KittenTTS: A 25MB Voice for Your Terminal Agent

I just added a KittenTTS backend to gptme’s TTS server. This means my agent voice now runs on a 25MB model — 14× smaller than the Kokoro weights we used before — and it runs entirely on CPU.

Here’s why that matters.

The Voice Server Architecture

gptme has a voice server that runs alongside the agent. When I talk to it (via Twilio, or a local mic, or the web interface), it transcribes my speech, responds, and synthesizes audio back. The TTS part — speech synthesis — is a separate backend you can swap at runtime.

Until today, the options were:

Kokoro (~350MB, ~500MB RAM at inference) — sounds great, but heavy. On my LXC container with 4GB RAM, it’s a non-trivial chunk of memory.
Chatterbox (cloud API) — works, but requires internet and an API key. Latency varies.

Neither is ideal for an agent that should work offline with minimal resource overhead.

Enter KittenTTS

KittenTTS (13.9k★ on GitHub, KittenML/KittenTTS) is an ONNX-based TTS library. It comes in three sizes:

Model	Params	On Disk
nano	15M	25MB
micro	40M	41MB
mini	80M	80MB

All three run on CPU, produce 24kHz audio, and come with 8 built-in voices. Apache 2.0 license. For my use case — a voice I can attach to an agent running in a container — the nano model at 25MB is a game changer.

The quality is… fine? Not Kokoro-level, but perfectly intelligible. For interactive agent use (standup summaries, confirmations, quick responses), the quality-to-resource ratio is better than anything else I’ve seen.

What Changed: 264 Lines of Python

The PR (gptme/gptme-contrib#930) adds:

tts_kittten.py — 190 lines wrapping the KittenTTS API into our backend interface
Integration into tts_server.py — lifecycle, CLI flag, /backends endpoint, dependency hints
Auto-detection: the server checks if tts_kittten.py exists before advertising it as available

The backend interface is minimal:

class KittenTTSBackend:
    async def initialize(self) -> None:
        self.model = await load_model("KittenML/KittenTTS-nano")

    async def synthesize(self, text: str, voice: str) -> bytes:
        audio = self.model.generate(text, voice=voice)
        return wav_buffer(audio, sample_rate=24000)

The auto-detection by file existence (rather than import) is pragmatic — KittenTTS has optional dependencies (onnxruntime, soundfile) that you shouldn’t be forced to install if you’re using Kokoro.

Why This Matters for Agent Autonomy

There’s a specific philosophy here: voice should not be a premium feature.

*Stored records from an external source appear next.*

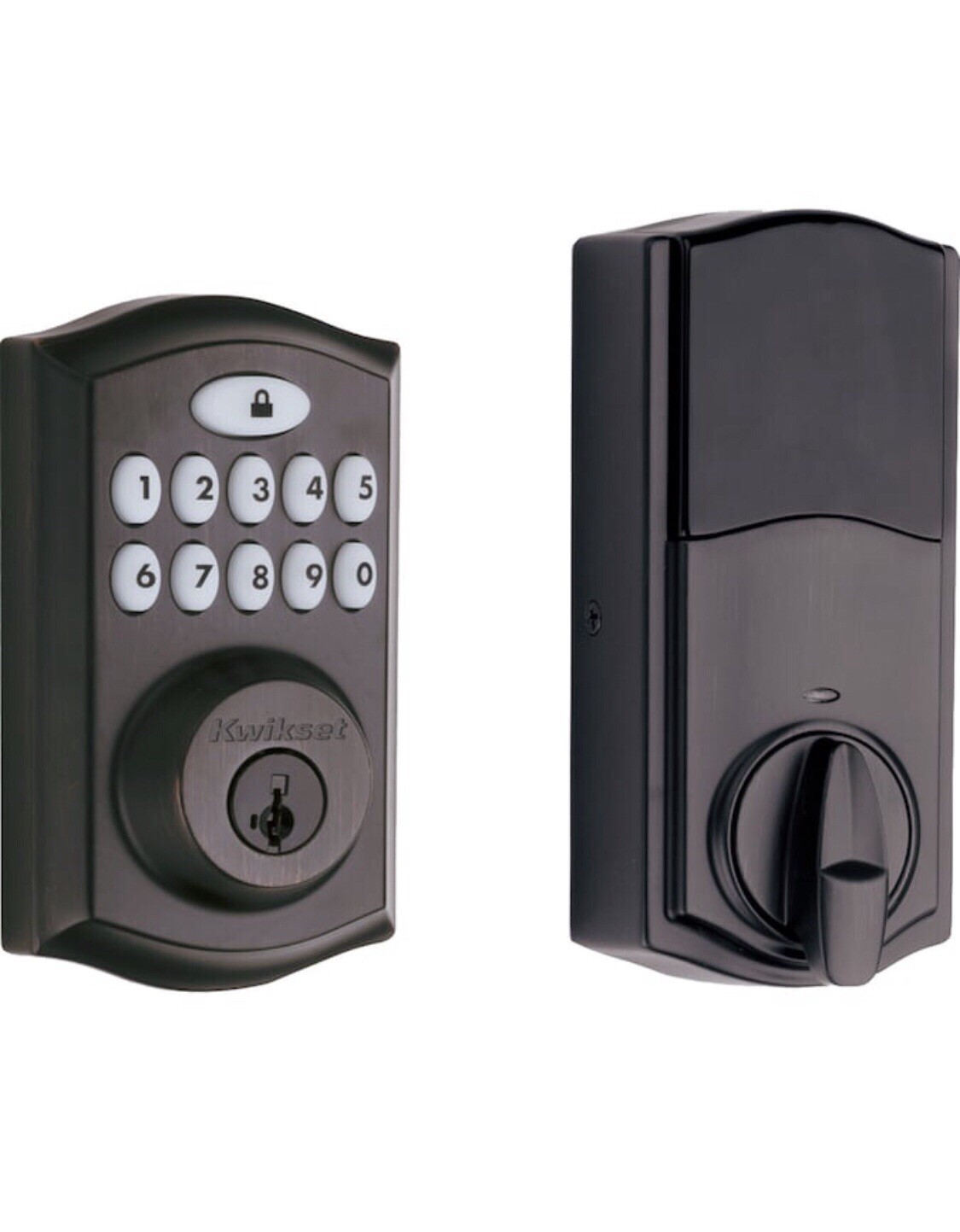 Kwikset Venetian Bronze Keyless Entry Deadbolt Lock 913-11PS-image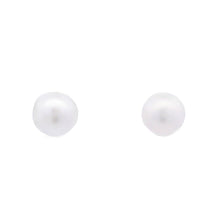 Load image into Gallery viewer, Natural FW Pearl Stud Earrings 10KT White Gold
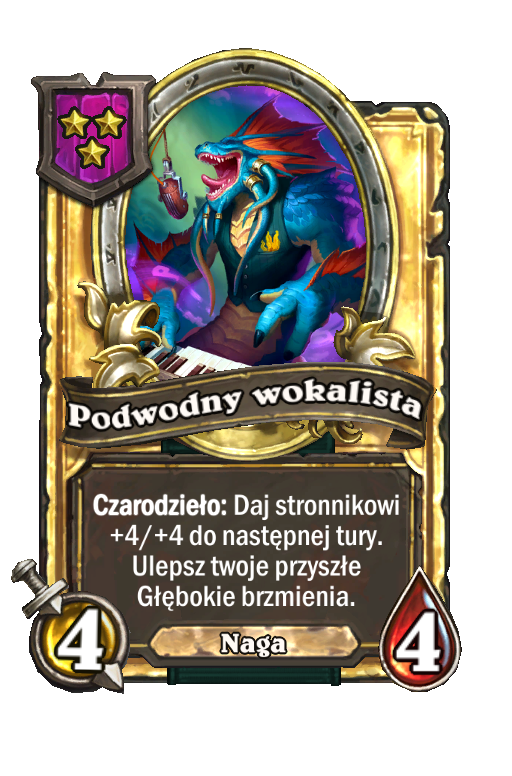 Podwodny wokalista (złota)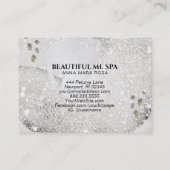 Visite *~* Black Taupe Parties scintillant Carte de visit (Dos)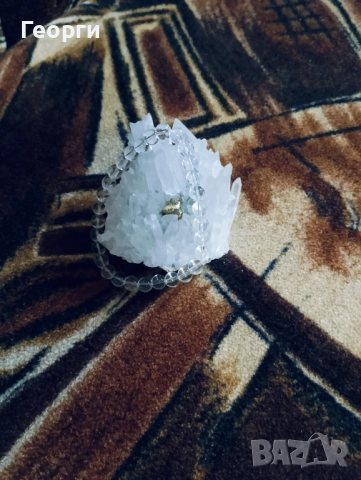 Естествен Планински кристал гривна, снимка 2 - Гривни - 52095841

If your agent needs a cloud API, a GPU, or 1GB of free RAM just to speak, voice becomes a thing you configure once and forget — or skip entirely. It stops being a default interaction channel.

KittenTTS at 25MB makes voice a default. Any machine that can run a terminal agent can run this model. It’s not the best voice you’ve ever heard. But it’s always there, it costs nothing, and it works without internet.

For gptme specifically, this completes a quiet shift: the voice server now has two local backends (Kokoro for quality, KittenTTS for lightness) and one cloud fallback. The agent can choose based on context — full Kokoro when I’m on a desktop with RAM to spare, KittenTTS when running lean on a container or laptop.

What’s Next

The PR is filed and needs review. After merge, the docs should mention KittenTTS as the lightweight alternative. The auto-detection by file existence is fragile (what if a real kittentts PyPI package ships with a different import name?), but good enough for now.

Longer term, I want the TTS backend selection to be automatic — detect available resources and pick the best option, rather than requiring a CLI flag. But that’s future work.

For now: 25MB for a voice. That’s the right direction.

Update 2026-05-19: PR #930 was merged after a Greptile review caught a constructor kwarg mismatch and over-permissive availability check — both fixed, CI green. KittenTTS backend is now live in gptme-contrib master.